Using stacked rest-frame UV spectra of a few LAEs in our sample, Berry et al. (2012) measured velocity offsets of about 600 km s^-1 between Lyα and low-ionization absorption lines (LIS). As low-ionization absorption lines are thought to be tracing the neutral gas, this offset is thought to be produced because out-flowing neutral gas allows only the red side of Lyα line photons to escape, making it appear redshifted with respect to the systemic velocity. Here we estimated expansion velocities of possible outflows calculating velocity offsets between the central wavelength of Lyα with respect to that of metal lines at the systemic redshift.

In Fig. 9 we present the F(Lyα)/F([OIII]5007) ratio versus Δv_{Lyα −  [OIII] 5007}. In the figure we do not show the value of − 897.8 ± 257.0 km s^-1, calculated for the SFG with Lyα in absorption (BX16). BX10 is characterized by 749.9 ± 188.3 km s^-1 and the highest uncertainty in [OIII] central wavelength (18 095.5 ± 11.6 Å). In fact this emission line is on top of sky line residuals (Fig. 4), which affect the line integrated flux and central wavelength. However, we can not exclude it being a high-velocity-offset source. For the other three LAEs at z ~ 2−3 (star symbols), the offsets are 70−270 km s^-1. These values are consistent with previous estimations from McLinden et al. (2011) and (Finkelstein et al. 2011; updated by Chonis et al., priv. comm.). For LBG11, we estimated Δv_{Lyα −  [OIII] 5007} = 344.5 ± 107.0 km s^-1, which is consistent with the value estimated by McLinden et al. (2011) for their strongest [OIII]5007 emission line LAE (F([OIII]5007) = (35.48 ± 1.15)E-17 erg s^-1 cm^-2) at similar redshift. The velocities we calculated here are also consistent with expansion velocities, V_exp = 100−300 km s^-1, measured by Verhamme et al. (2008) for a sample of 11 LBGs. Instead, Steidel et al. (2010) estimated stronger velocity offsets of 445 ± 27 km s^-1 for a sample of Hα emitters at z = 2.3. Their range of Vexp within 1σ is plotted as a rectangular region delimited by dotted lines.

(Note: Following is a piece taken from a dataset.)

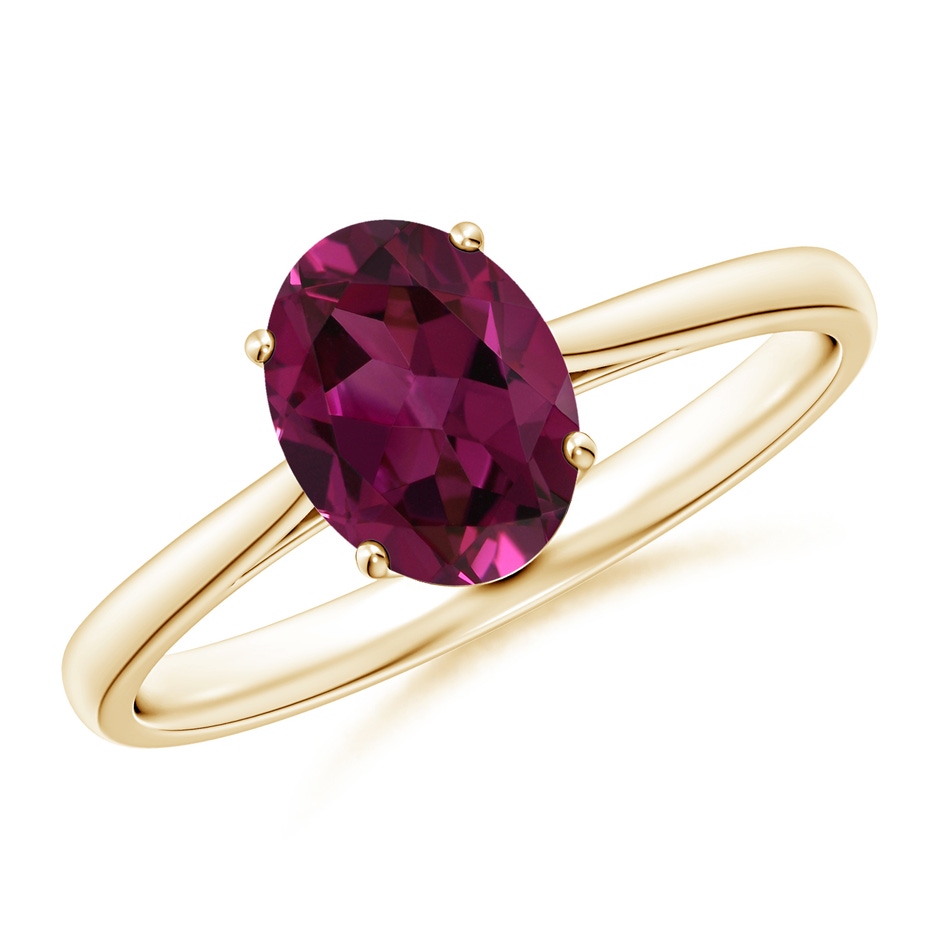 8x6mm AAAA Oval Solitaire Rhodolite Cocktail Ring in Yellow Gold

While the outflow velocity, V_exp, is best estimated from the velocity difference between LIS, which trace the out-flowing material, and systemic redshift emission lines, Δv_{Lyα −  [OIII] 5007} can give upper limits for commonly assumed geometries. In Berry et al. (2012) and Shapley et al. (2003), they estimated offsets between LIS absorption lines and Lyα, which could be up to three ×Vexp. It was shown in Verhamme et al. (2008) that for an expanding shell model Δv_{Lyα − LIS} can be 3 (2) times of the expansion velocity, depending on the HI column density, N_HI ≥ (< )10²⁰/cm². The situation can change for different geometries. In the figure the range of Vexp values from Shapley et al. (2003) is presented as the rectangle delimited by the red dashed lines, rescaled to be compared to our Δv_{Lyα −  [OIII] 5007}. The range of Vexp values from Berry et al. (2012) at z = 2 and z = 3 is also rescaled and it corresponds to the rectangle delimited by solid lines.

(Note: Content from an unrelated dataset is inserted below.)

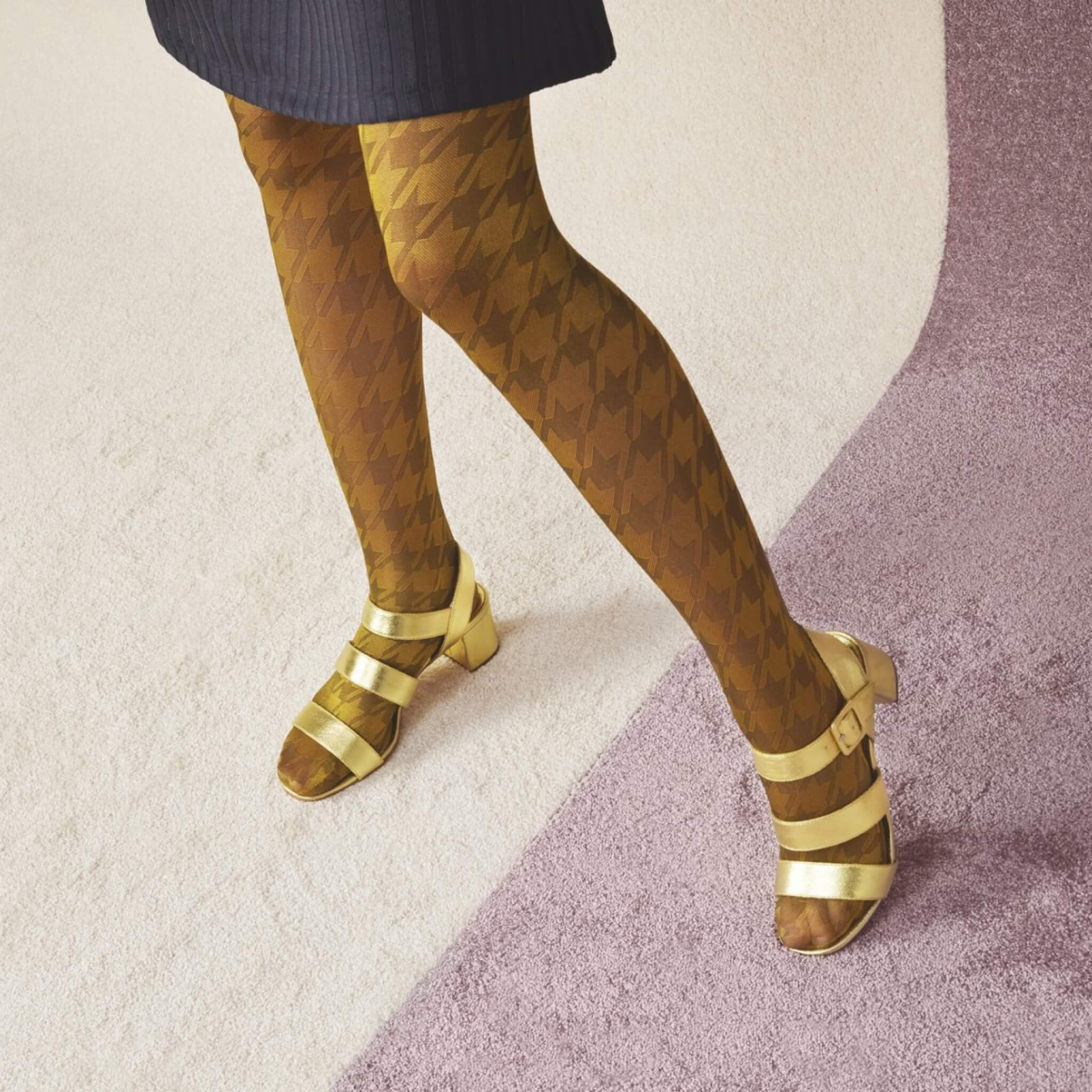 Dámske žlto-hnedé pančuchy Happy Socks Sophia // kolekcia Hysteria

We fitted Lyα line profiles with single symmetrical Gaussian curves. The asymmetry of Lyα profile of LAEs at z ≃ 3.1 was quantified by McLinden et al. (2011) as the σ_Gauss of the red peak divided by the σ_Gauss of the blue peak (a). One of their two sources showed significant asymmetry in the Lyα line profile, a = 2.1 ± 0.2 (a = 1.0 ± 0.1 for the other source). They used the Hectospec multi-fiber spectrograph at the 6.5 m MMT observatory, with an instrument resolution of ~6 Å. We performed a test to estimate the centroid shift due to the symmetric versus asymmetric profile fit. A good fit to the data can be obtained with a symmetric profile and a central wavelength shift of about 1 Å in the rest frame. It implies a velocity offset of 60−80 km s^-1 for LAEs at z ~ 3−2, which is within the error bars of our measurements.

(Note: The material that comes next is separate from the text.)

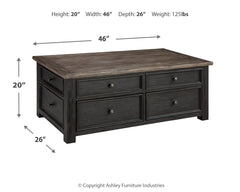 Furniture City Laplace - Ashley Furniture - Tyler Creek Coffee Table with Lift Top - Lift Top Cocktail Table / Grayish Brown/Black - T736-20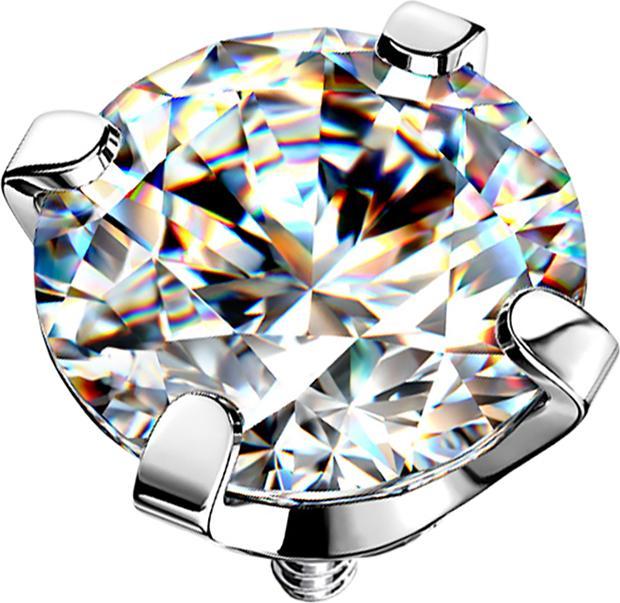 Produktbild Star Piercing Dermal Anchor silber Kristall silber gefasst (ohne Messing, Chirurgenstahl 316L)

We do not see any significant difference between redshift 2 and 3, but the statistics are still too low to derive strong conclusions. However, combining Figs. 8 and 9 we can observe that lower dust, lower metallicity, bright Lyα flux sources, such as the two LAEs studied by Finkelstein et al. (2011), tend to be characterized by velocity outflows similar to those of our sources. The rare metal-poor object by Finkelstein et al. (2011) could host an episode of chemical enrichment of pristine gas, also characterized by a low amount of dust. The sources in our survey could be galaxies in more evolved stages, but with hundred km s^-1 outflows as channels for Lyα photon escape.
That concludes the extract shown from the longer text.